Scraped caption text data:
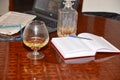 Drink a glass cognac and bottle alchool work business notebook newspaper glasses hobbies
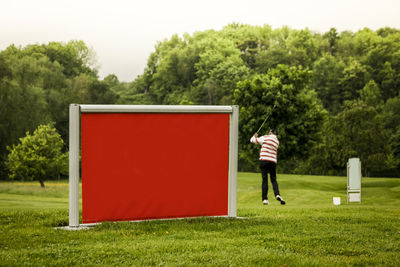 Man playing with ball on golf course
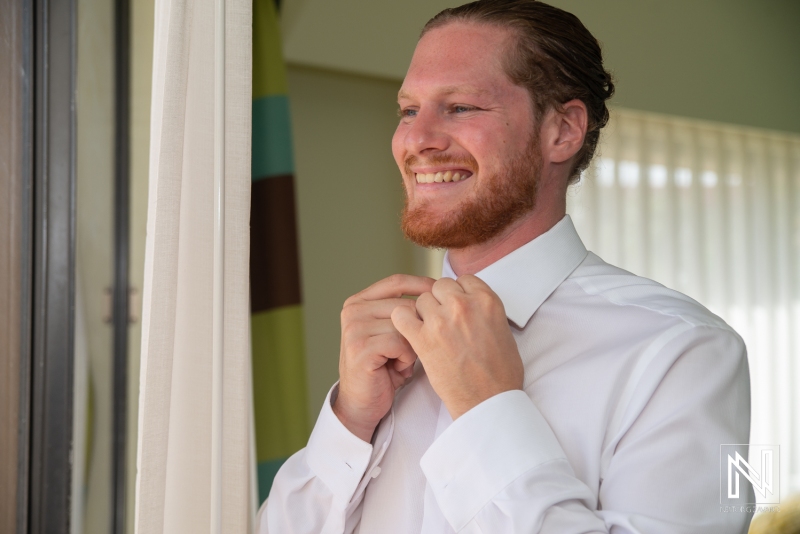 Groom getting into attire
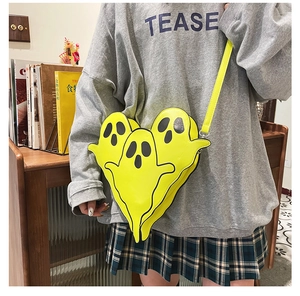 Detail of three layered neon yellow ghost-shaped crossbody bags made of smooth PU leather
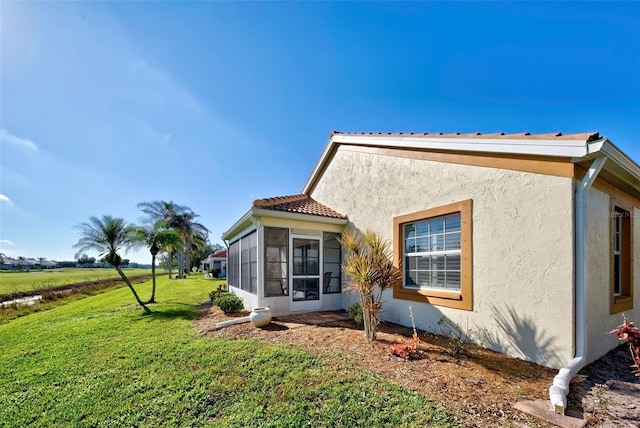 view of property exterior featuring a yard and a sunroom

• _Assigned task_
Quote, word for word and nothing more, every line from the line with "Groom getting into attire" to the end of the entries, including both ends; skip any pictures.

• _Exercise result_
 Groom getting into attire
 Detail of three layered neon yellow ghost-shaped crossbody bags made of smooth PU leather
 view of property exterior featuring a yard and a sunroom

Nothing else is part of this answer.